La infancia que no tuvo acosa al adulto que no es Jamie McCloone cuando pierde a la familia que lo adoptó, que lo sacó del infierno. Con sus atrabiliarias herramientas de hombre rústico e incompleto, Jamie trata de encontrar el calor familiar que necesita buscando una mujer de la que lo único que desea es la compañía, pero lo hace tan mal, de un modo tan trágicamente cómico que es inevitable que en sus desventuras no vaya armado únicamente de su media lengua y su proverbial inocencia, sino que lleve a la batalla no poca parte del corazón del lector que sufre, se ilusiona, se decepciona, se libera y se angustia con él. Y con Lydia, la parte femenina de la historia cuya infancia, si no robada, si fue al menos diluida en la sopa indigerible de fanatismo y falta de alegría que, Elizabeth, su no menos indigerible madre y su padre, el reverendo Perseus Cuthbert, cocinaron para ella en lugar de pasteles y colores con los que decorar su niñez.

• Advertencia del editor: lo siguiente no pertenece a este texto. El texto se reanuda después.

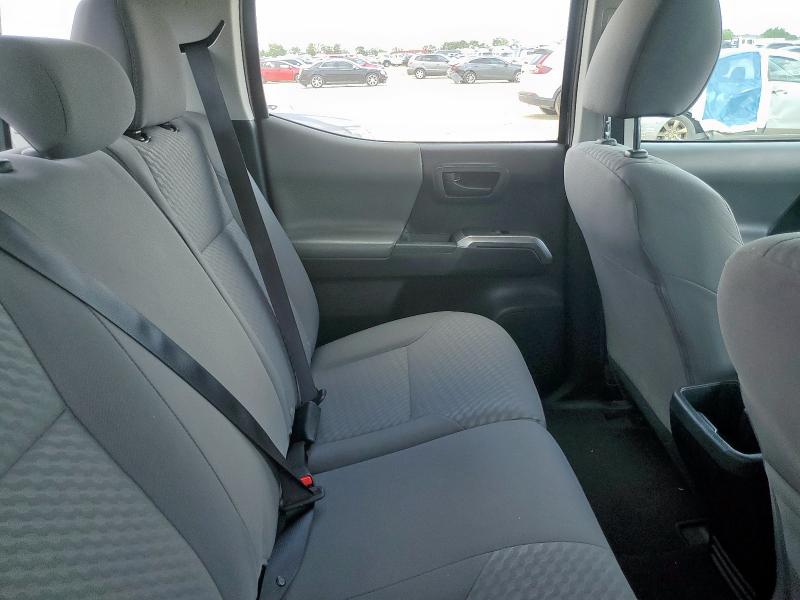 3TMAZ5CN4NM175175 - 2022 TOYOTA TACOMA DOUBLE CAB SILVER photo 10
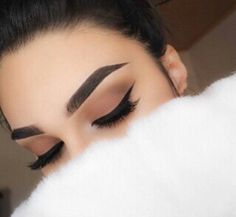 fσℓℓσω мє fσя мσяє ρσρριи ριиѕ ❥ Pinterest// @xXFOZIAXx Matte Make Up, Matte Makeup, Perfect Eyebrows, Eye Make, Prom Makeup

Jamie no tiene buenos recuerdos, pero tiene buenos amigos. Paddie y Rose, fundamentalmente. No obstante eso no es suficiente. Tras la muerte de su tío Mick, Jamie necesita una familia, y sus amigos tratan de ayudarle a conseguirla convenciéndole de que conozca a una mujer a través de un anuncio en la prensa, en el Mid-Ulster Vindicator, y así conoce al otro alma solitaria de El hombre en el olvido, Lydia. Los amigos no lo tienen fácil, Jamie no es muy guapo ni muy listo, cuando se ducha se alegra porque eso implica que no tendrá que cambiarse de ropa interior en un mes o mes y medio, pero es bueno, tanto que no conciben que quererle no le resulte a cualquier buena mujer tan natural como a ellos. El resto hay que leerlo, ni me perdonarían a mi que se lo revelara ni se perdonarán a si mismos si se lo pierden, créanme. Jamie es un regalo y estamos en época de regalos, aunque el verdadero regalo no es el libro, sino la posibilidad de decirle al protagonista al cerrarlo: “Jamie, tranquilo, no eztás zolo.”